特别值得提出的是:这时八路军已在武汉设立了办事处,《新华日报》也在这里创刊了。周恩来同志和董必武同志当时也在武汉,音乐界的很多有名望的同志也逐渐集中到了武汉,使武汉的歌咏活动得到了蓬勃发展……终于在1938年1月17日在汉口成立了全国歌咏协会。协会的14位筹备委员中有冼星海、盛家伦、刘雪庵、赵启海等。该协会的组成,对抗日救亡歌咏运动的不断发展起着积极的促进作用。

周总理的鼓舞和鞭策

1939年10月,赵启海随政治部第三厅所属的电影流动放映队,到西北各省军队进行抗日宣传教育。中制厂还沿途拍摄大型纪录影片《民族万岁》的部分资料。当他们从兰州到达青海省西宁时,与在当地民间采风多年的音乐家王洛宾相遇。当王洛宾见到曾与冼星海共同创作《到敌人后方去》、与张曙合创《丈夫去当兵》等抗战歌曲的赵启海时,非常激动。两个音乐家和电影导演郑君里在骡马客店的大炕上促膝交谈,竟聊至深夜。王洛宾与赵启海满怀激情地交流彼此民歌采风和创作歌曲的收获,边谈边唱,激动不已,郑君里急忙请启海速记曲谱,以便带回重庆编入纪录片里。

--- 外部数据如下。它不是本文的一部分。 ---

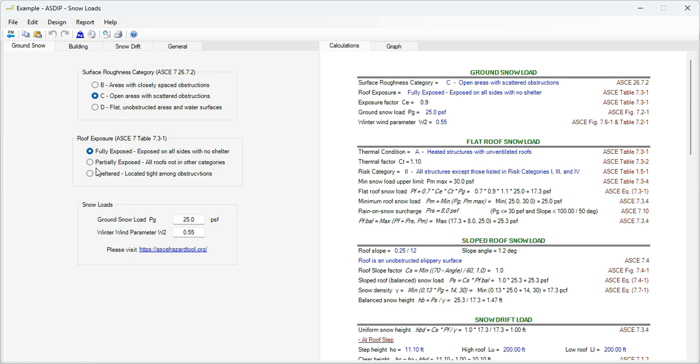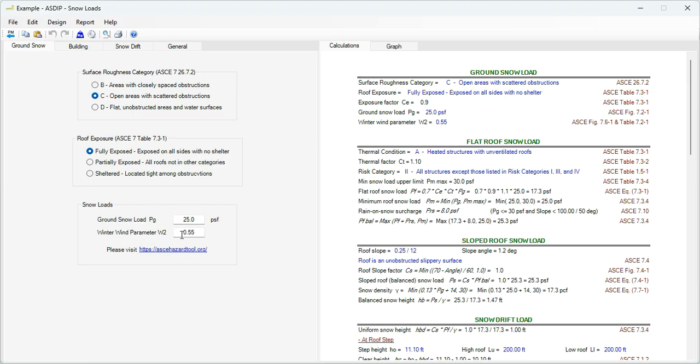Options from B to D according to these descriptions. Then the roof exposure, fully exposed, partially exposed, or sheltered, and finally the snow loads: the ground snow load, and then the winter wind parameter. These factors can be found in ASCE 7, or you can go to this link. The website provides this information according to the location of your project.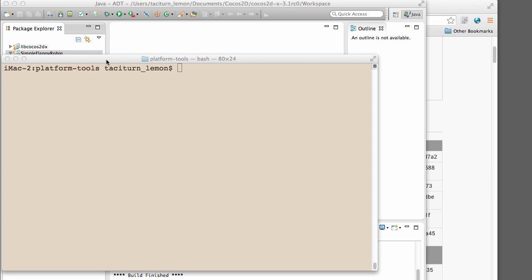So next video we get on to actually creating the Flappy Robin application proper. Thanks very much for watching. Comments, questions, criticism is welcome as always on YouTube.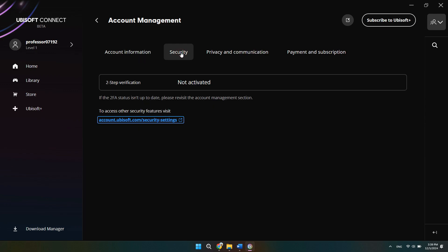Here we can see that 2FA is actually not activated on my account. So in order to activate it, we're going to go ahead and click this link down here.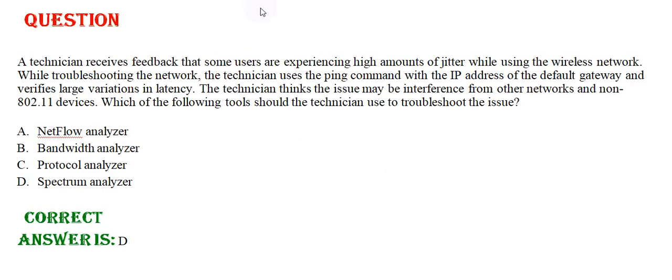A technician receives feedback that some users are experiencing high amounts of jitter while using the wireless network. While troubleshooting the network, the technician uses the ping command with the IP address of the default gateway and verifies large variations in latency.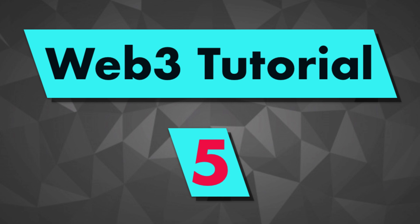Hey, this is Julien and you are on Eat the Blocks. In this video, I'm going to show you how you can call a smart contract function using Web3.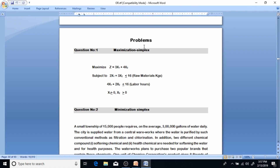Let's start solving problem number one: maximize Z equals 3x1 plus 4x2, subject to 2x1 plus 3x2 less than or equal to 16 — that's the raw material constraint given in kilograms — and 4x1 plus 2x2 less than or equal to 16, which is the laborers constraint.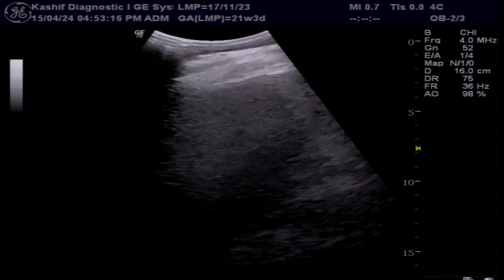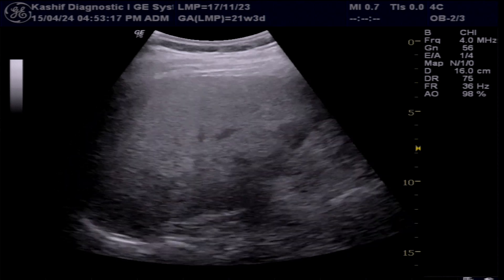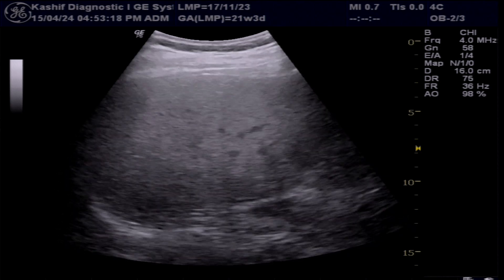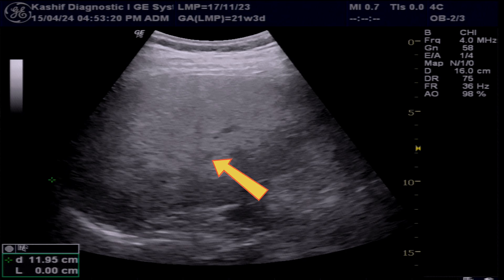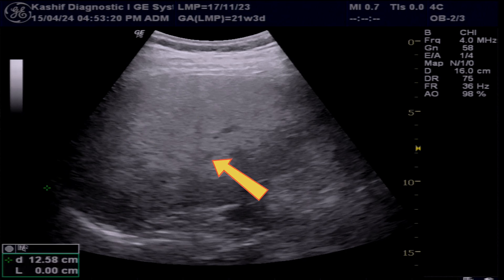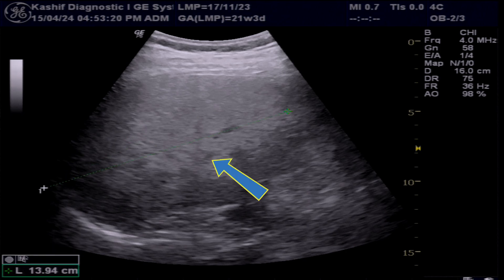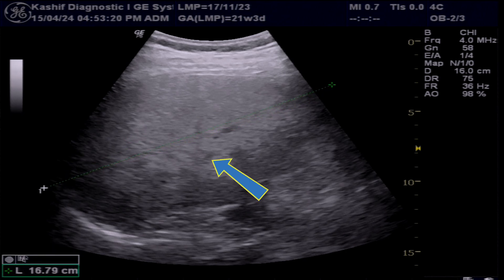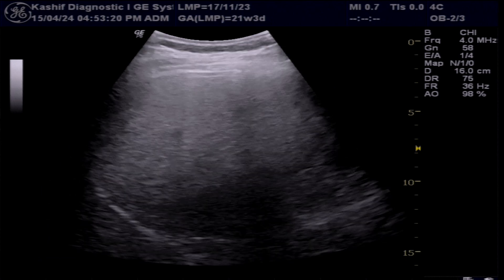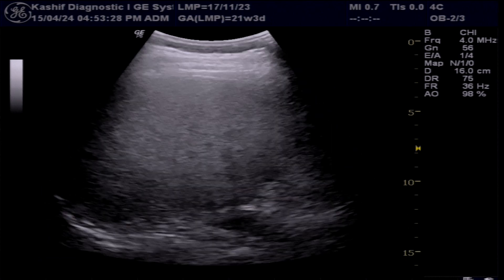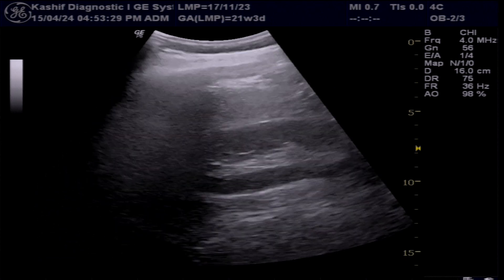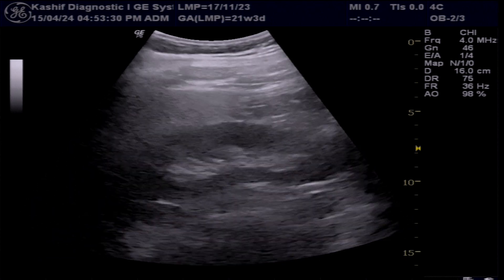We can see the liver, which is enlarged at 16.8 centimeters. There is moderate-plus hepatic fatty changes.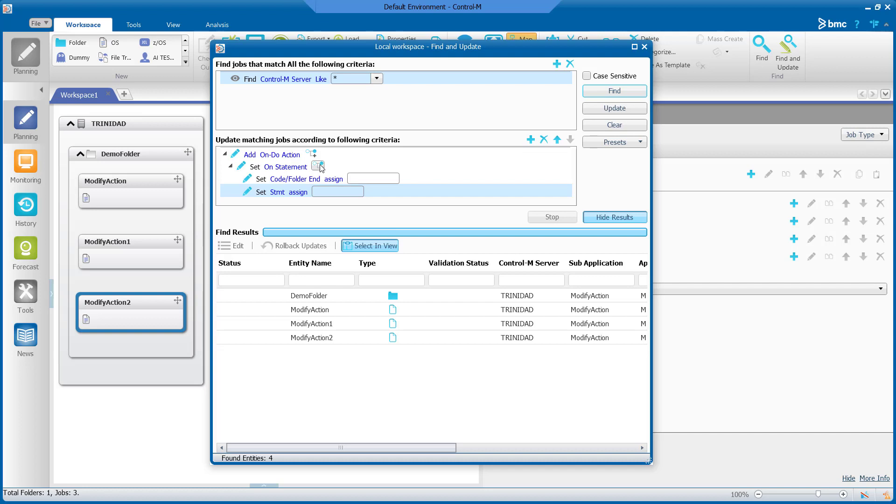In the code slash folder and design we will input the OS CompStat we desire. For this demo we will use the OS CompStat of seven. For your environment be sure to use an OS CompStat value that meets your business needs.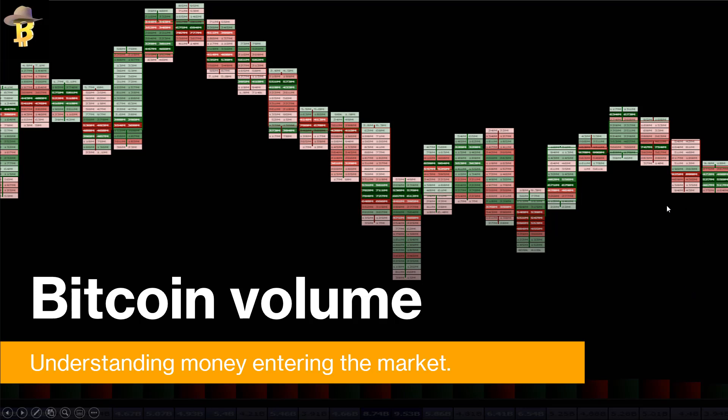Alright guys, I hope everyone's doing well. This is my first video in a little while and I think this is going to be a really cool one. You're going to be able to take some things away from this and use them for the rest of your trading career.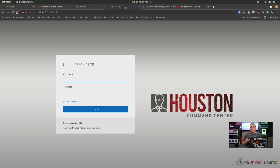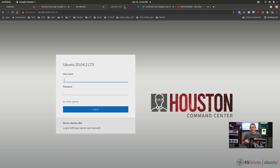You do not have to have a 45 Drives server in order to use the Houston Command Center. It's actually a really cool open source project. There are going to be a few minor differences from when you run it on a 45 Drives system, only because you have extra hardware access. But for the most part it's the same software, except for those couple of extra modules.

此后,赵启海把王洛宾整理的那些优美动听的《在那遥远的地方》《达坂城的姑娘》《半个月亮爬上来》等西北民歌唱到重庆,随之又带到祖国各地,并传唱到了海外。当时他在重庆领导着几个歌咏团,还创办了重庆合唱团,1940年底该团第一次演出《黄河大合唱》时,其中“河边对口曲”一段就是赵启海和赵定葆演唱的,演出受到观众的热烈欢迎,引起很大轰动。

在重庆期间,周恩来同志对启海的抗日宣传工作情况十分关心,曾在曾家岩50号与他长谈,使他受到极大的鼓舞和鞭策,令他终生难忘,也更加坚定了他投入抗日救亡宣传活动的决心。事隔几十年后,我们才得知,重庆的抗日宣传歌咏活动是在周总理的亲切关怀下,由我党直接领导的,而赵启海当时已由一名爱国青年学生成长为坚定的革命战士。1940年秋,他考入重庆青木关国立音乐学院声乐系,主攻声乐,辅以作曲。1942年转学到成都,又进入华西坝金陵大学文学院经济系学习,但他为了继续搞声乐,同时还从师蔡绍序继续学习音乐。

20世纪40年代初,赵启海是我在成都华西坝金陵大学的同窗学长,与他的交往使我受益匪浅。抗日战争胜利后,国民党反动派公然撕毁重庆国共谈判协议,再次挑起内战,全国各地爆发了反内战示威的大游行,金陵大学等院校的同学都踊跃加入示威行列,我们又一起投入火热的革命斗争中。60多年前艰难岁月的亲身经历现在还如同电影一样一幅幅地展现在眼前,尤其是当年启海激昂高唱抗战歌曲的情景仍历历在目。

海外赤子难忘抗战歌

1946年,赵启海从金陵大学获得学士学位后,时逢教育部举办留学美国自费生考试,他以优异的成绩被录取。1947年秋,进入美国密歇根大学经济研究院攻读经济学硕士学位。获得硕士学位后,就一直漂泊海外。从1960年至1988年他先后在美国多所学院任经济学教授。1949年新中国成立后,他异常兴奋,立志学成归国报效祖国。从1955年开始他曾几次计划回国定居,但都因种种原因而未能实现。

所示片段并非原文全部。